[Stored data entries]
########################################

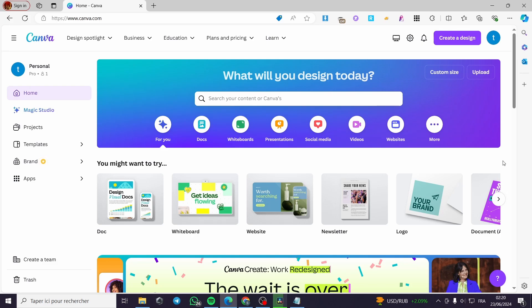It is very easy and simple to do. All you have to do is follow the tutorial from the beginning to the end and you will be good to go. Now the first thing you need to do is go to canva.com and simply log in to your account.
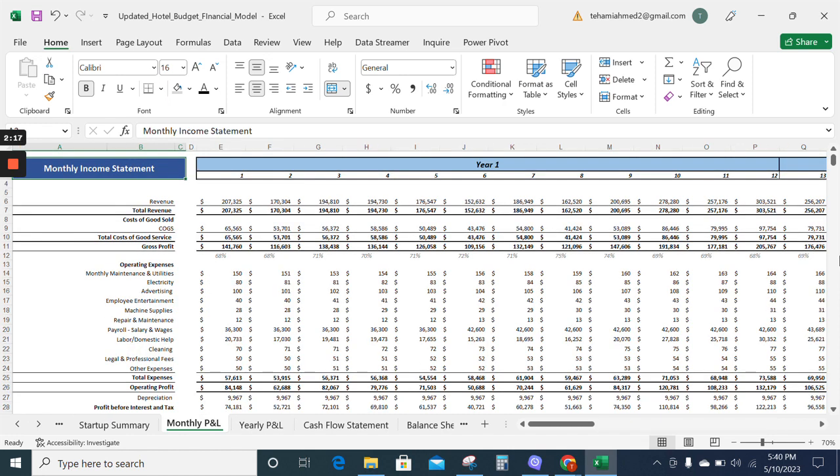Now moving on to the monthly income statement. The monthly income statement gives all the details about revenue, gross profit, operating income, and expenses on a monthly basis.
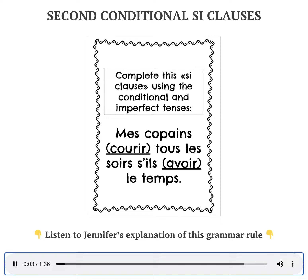Complete this si-clause using the conditional and imperfect tenses. Mes copains, infinitive courir, tous les soirs s'ils, infinitive avoir, le temps. Think carefully about where you need to use the conditional and imperfect tenses and then speak your answer.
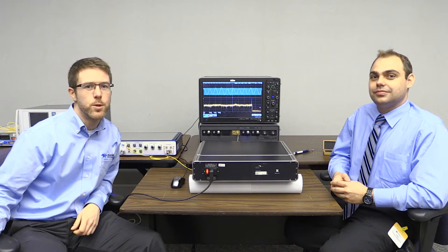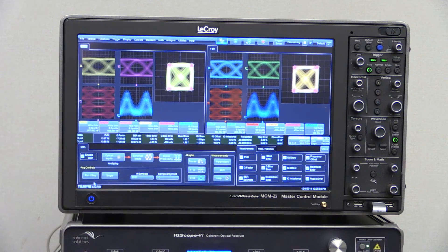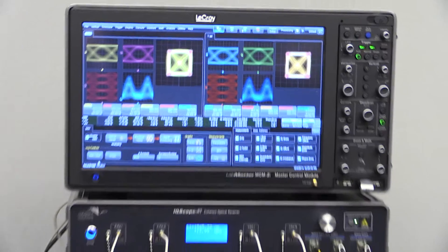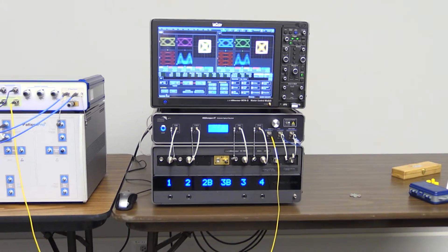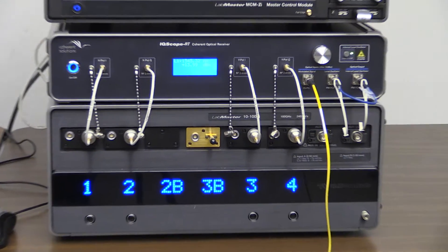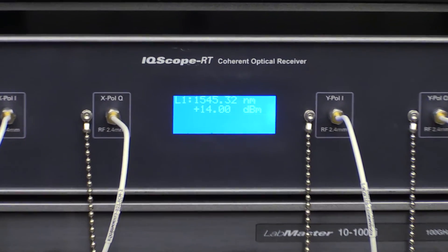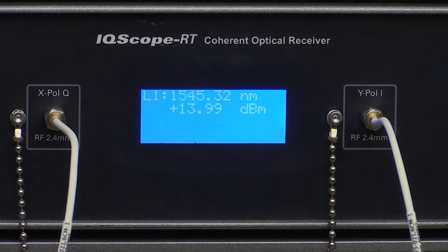It's the highest bandwidth real-time oscilloscope in the world. It's the LabMaster 10100Zi, which has 100 gigahertz of analog bandwidth and samples at 240 giga samples per second. It achieves that using our patented DBI technology — Digital Bandwidth Interleaving — that allows us to interleave three 36 gigahertz, 80 giga sample per second channels to achieve one channel of 100 gigahertz, 240 giga samples per second.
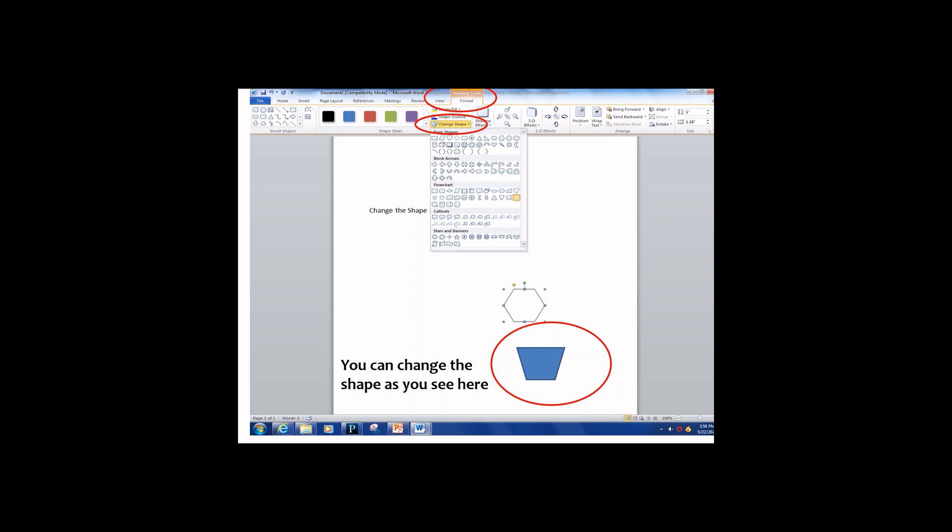By this, I end my presentation on the basics of adding images and shapes to a Microsoft Word 2010 document. Thank you for watching.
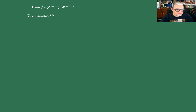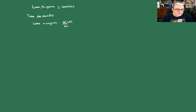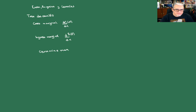Estamos hablando de costo marginal. Si C(x) es el costo, entonces el costo marginal es la derivada de C(x) respecto de x. El ingreso marginal: la función que mide los ingresos es la derivada. Y las ganancias marginales: tomamos la derivada de la ganancia respecto de x, que es la derivada de los ingresos menos los costos.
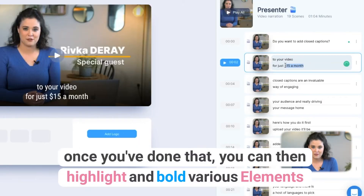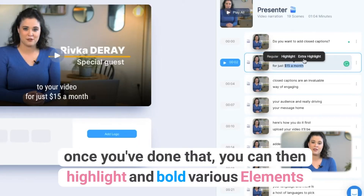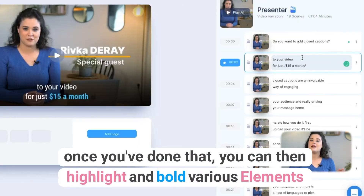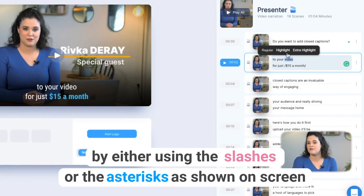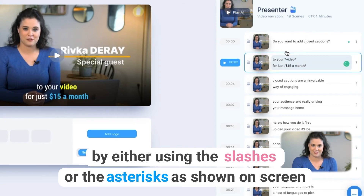Once you've done that, you can then highlight and bold various elements by either using the slash or the asterisks, as shown on screen.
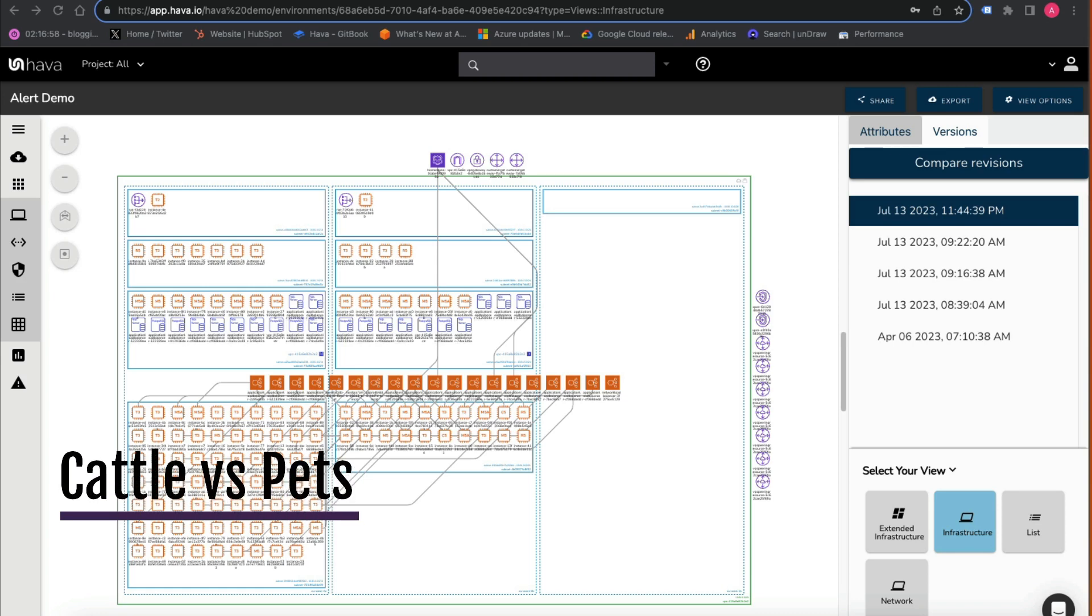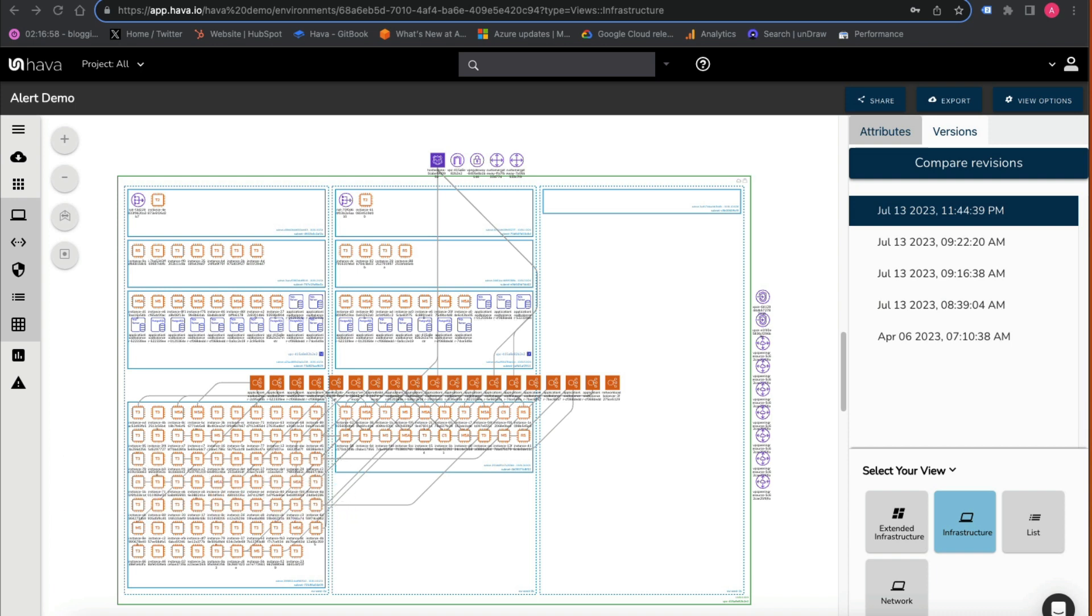Hi, you might have come across the term cattle versus pets in relation to cloud computing and DevOps.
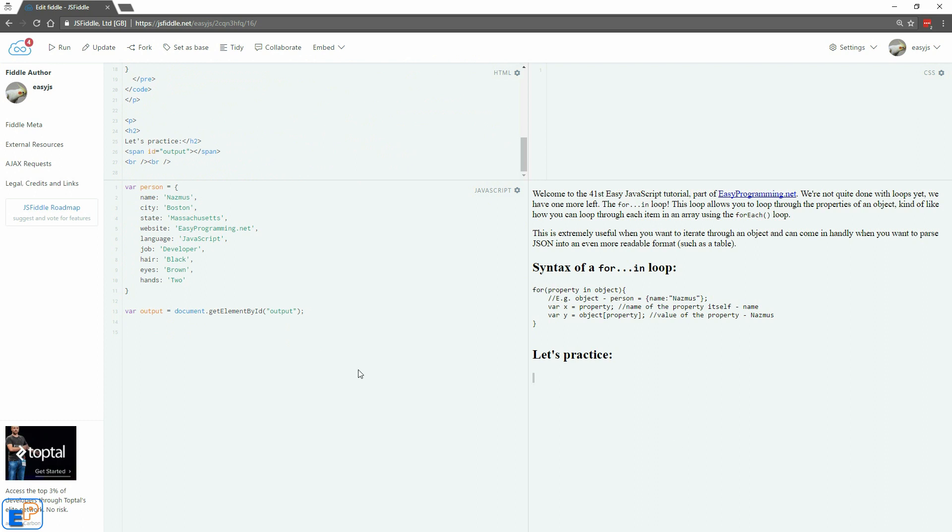Let's practice and see what we get. So I'm going to start with the keyword for. And inside my parentheses, I'm going to put in what our property value is going to be. You can call it anything you want, but I'm going to call it P to keep it short. Keep it simple. In. Again, in is a JavaScript reserved keyword and the name of our object which is called person.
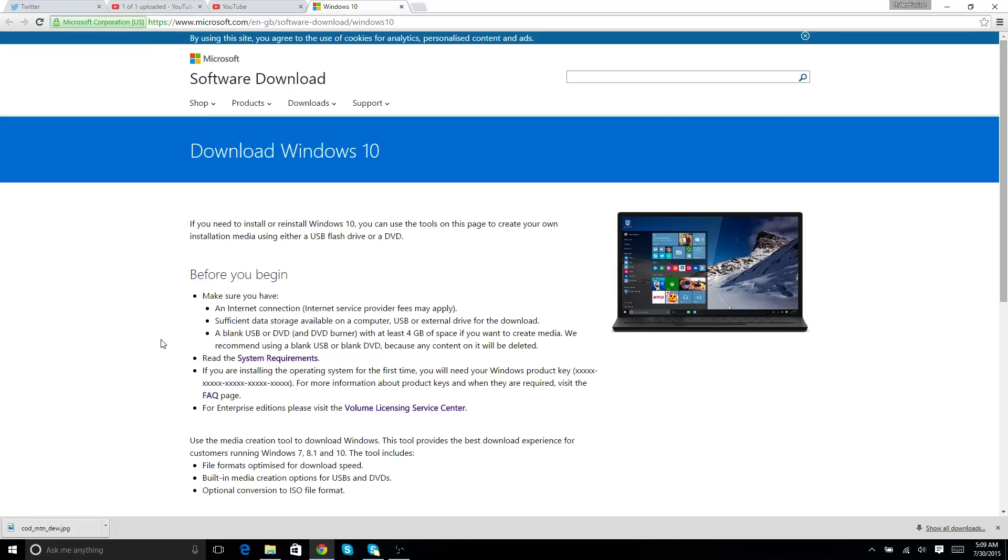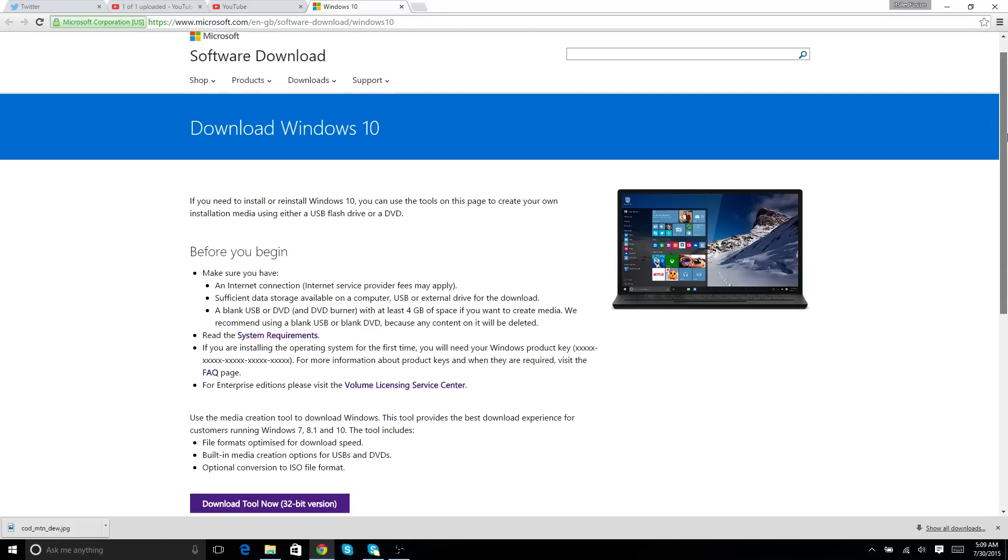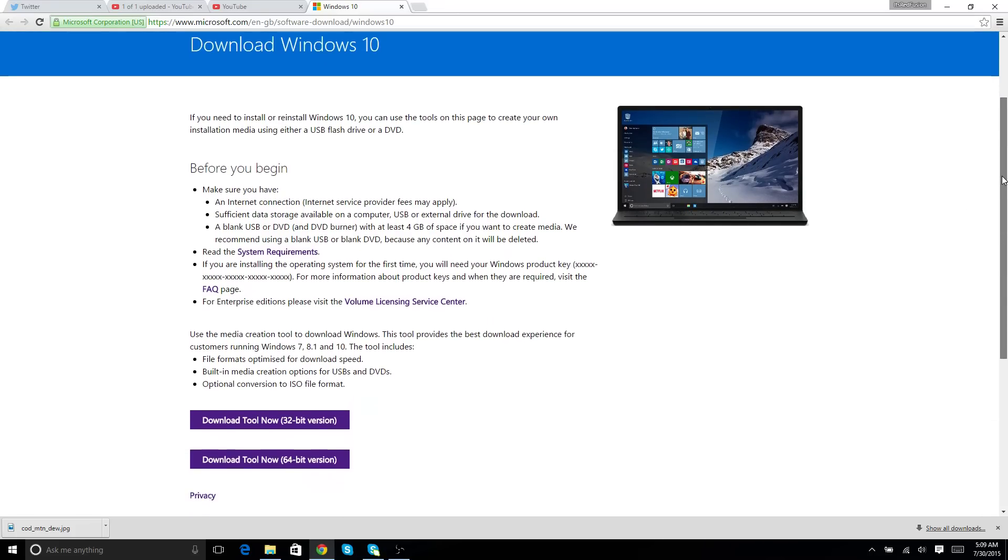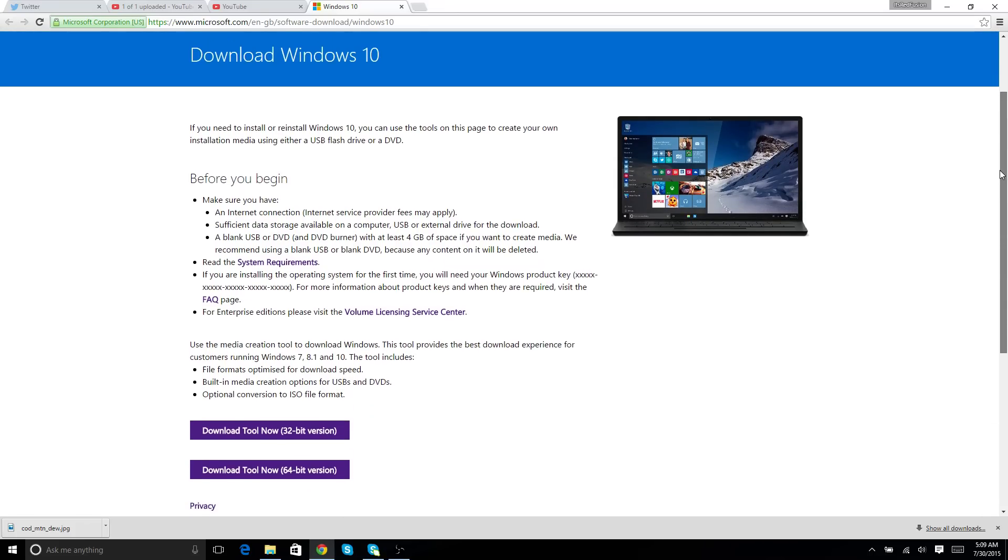Also, make sure your PC is able to upgrade straight to Windows 10. So you have to have Windows 7, Windows 8, Windows 8.1 PC. Also, make sure that you have either a 32 or 64-bit version PC. So you don't download the wrong bit version.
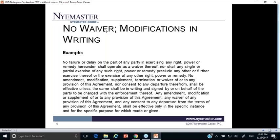Sometimes these amendment provisions say the agreement cannot be changed through the course of dealing or course of performance. More likely than not, a court will say: if you both decided to do something else for six months, either the contract is amended or you've waived that issue through estoppel or detrimental reliance. So the provision saying amendments can only be in writing is probably not enforceable — but as a contract attorney, you're always hopeful a court might honor it, so we put it in there anyway.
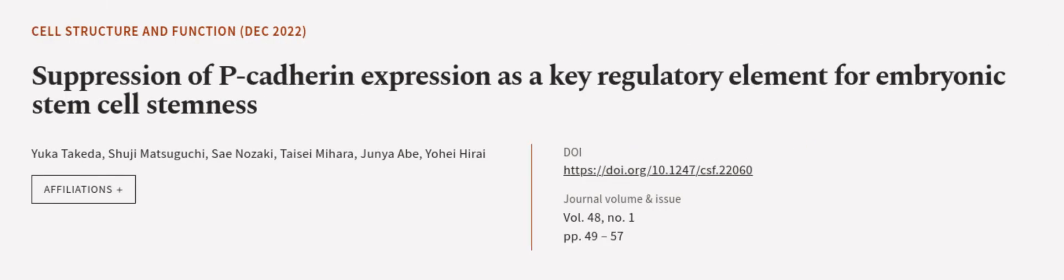This article was authored by Yuka Takeda, Shuji Matsuguchi, S.A. Nozaki, and others.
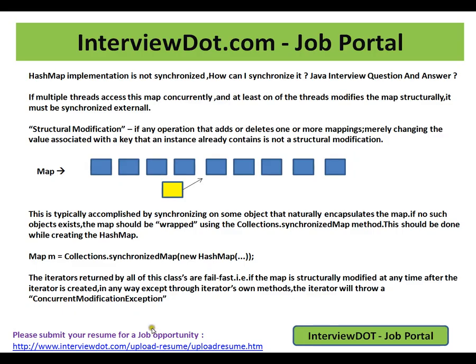This video is from interview.com, a job portal where you can log on and post your resume. In this video, I'm going to talk about one of the important Java interview questions: HashMap implementation.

########################################

• **GOAL OF THE EXERCISE**: Could you repeat, exactly, only the lines above starting at the one that has "Hi, you might" and stopping after the one that has "Let's practice and", without the pictures?

• **RESPONSE AREA**:
Hi, you might have come across the term cattle versus pets in relation to cloud computing and DevOps.
Let's practice and see what we get. So I'm going to start with the keyword for. And inside my parentheses, I'm going to put in what our property value is going to be. You can call it anything you want, but I'm going to call it P to keep it short. Keep it simple. In. Again, in is a JavaScript reserved keyword and the name of our object which is called person.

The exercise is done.